Having trouble with the key layout tutorial on your site...

https://www.mdfbrew.org/tutorials:keys_layout

Creating a new KL file (Vendor_0001_Product_0001.kl_) _with new button assignments and saving it in the folder suggested (/system/usr/keylayout) doesn't work; the buttons are still recognized as the system defaults. Rewind still works as rewind and not ENTER as I wanted, in either the Sega Generations interface or the default GUI. If you have any suggestions please let me know; otherwise I may make a backup copy of gpio-ctrl-keypad.kl on my computer and reassign its keys.


----------



## WD_GASTER2 (Jun 18, 2018)

honestly the current dash is now heavily outdated. lots of stuff was accomplished just not heavily discussed (atleast on my end). i have not been as much gone as i have been busy. i also lost access to my old account by forgetting the password and getting locked out of the email i used to register it. . So if anybody messaged me last couple of months and got no response... that would be the reason why.


----------



## ALEXONE (Jun 20, 2018)

Hi) Any release date for the newer dash sega generations? If you need help beta test or design, i can help)


----------



## ArugulaZ (Jun 21, 2018)

Just a bit of advice... once you install Sega Generations on your Flashback, you might want to install the Total Commander app, then go into the command line and enter this:

adb shell settings put global install_non_market_apps 1

There's no way to accept apps from unknown sources on the system itself; the settings are either hidden or entirely absent. I got rather tired of taking apart my Flashback every time I wanted to install apps, because I couldn't connect it to my PC with the standard sized USB port I added. Only a mini USB to USB cable seems to do the job. Now that my Flashback accepts unknown sources and has a file manager, I can install apps straight from the system with a flash drive... it's much more convenient.


----------



## WD_GASTER2 (Jun 21, 2018)

yep this has been known.The new dash requires the usb mod by the way. I also suggested commander many many months ago in the other thread early on.


----------



## fixingmytoys (Jun 21, 2018)

WD_GASTER2 said:


> yep this has been known.The new dash requires the usb mod by the way. I also suggested commander many many months ago in the other thread early on.

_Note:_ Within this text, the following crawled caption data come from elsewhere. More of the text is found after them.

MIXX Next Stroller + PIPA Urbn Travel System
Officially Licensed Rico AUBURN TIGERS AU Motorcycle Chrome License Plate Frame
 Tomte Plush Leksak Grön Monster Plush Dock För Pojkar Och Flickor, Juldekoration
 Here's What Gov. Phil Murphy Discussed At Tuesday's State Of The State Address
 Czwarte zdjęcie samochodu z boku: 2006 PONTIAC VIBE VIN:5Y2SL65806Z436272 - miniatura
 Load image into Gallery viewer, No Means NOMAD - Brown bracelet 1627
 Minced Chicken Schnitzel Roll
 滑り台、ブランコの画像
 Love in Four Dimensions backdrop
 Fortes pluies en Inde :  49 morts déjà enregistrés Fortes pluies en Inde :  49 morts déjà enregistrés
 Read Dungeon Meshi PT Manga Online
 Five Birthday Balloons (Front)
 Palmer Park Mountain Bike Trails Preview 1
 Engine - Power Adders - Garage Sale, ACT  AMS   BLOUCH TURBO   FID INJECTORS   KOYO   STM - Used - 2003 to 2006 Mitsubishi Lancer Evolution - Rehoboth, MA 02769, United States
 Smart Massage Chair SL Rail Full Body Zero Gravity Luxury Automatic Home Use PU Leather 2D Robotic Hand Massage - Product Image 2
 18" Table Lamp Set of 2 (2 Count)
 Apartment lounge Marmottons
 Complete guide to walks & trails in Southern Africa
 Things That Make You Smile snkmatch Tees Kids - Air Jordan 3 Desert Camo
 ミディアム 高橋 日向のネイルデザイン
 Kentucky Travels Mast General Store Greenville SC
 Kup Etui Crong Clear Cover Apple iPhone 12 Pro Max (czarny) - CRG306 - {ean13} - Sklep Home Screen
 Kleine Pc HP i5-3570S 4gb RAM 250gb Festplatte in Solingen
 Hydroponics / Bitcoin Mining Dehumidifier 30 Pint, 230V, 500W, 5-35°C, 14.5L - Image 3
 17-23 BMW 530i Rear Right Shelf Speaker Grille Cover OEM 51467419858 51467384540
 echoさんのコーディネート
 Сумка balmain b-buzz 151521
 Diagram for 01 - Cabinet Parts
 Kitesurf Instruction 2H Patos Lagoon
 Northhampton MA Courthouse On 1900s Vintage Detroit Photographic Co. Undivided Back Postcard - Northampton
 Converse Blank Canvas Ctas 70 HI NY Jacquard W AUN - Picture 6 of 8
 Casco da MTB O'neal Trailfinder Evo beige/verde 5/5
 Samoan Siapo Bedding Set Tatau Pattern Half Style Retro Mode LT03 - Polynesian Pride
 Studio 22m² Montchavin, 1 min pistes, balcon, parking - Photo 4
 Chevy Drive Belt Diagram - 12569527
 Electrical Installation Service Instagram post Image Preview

yep done all that I was THX1138 on here spoken with you before on here as well in PM when you could get into your old account


----------



## petterk (Aug 1, 2018)

Any updates on this? Retro Shield? Sega Generations? MD.EMU replacement?


----------



## WD_GASTER2 (Aug 1, 2018)

see this thread:

https://gbatemp.net/threads/sega-me...-with-an-usb-on-internal-mother-board.491498/


----------



## CYB3R (Apr 21, 2019)

links is down


----------



## WD_GASTER2 (Apr 21, 2019)

https://gbatemp.net/threads/generat...-the-flashback-hd-new-version-release.513559/

click link above for the latest version


----------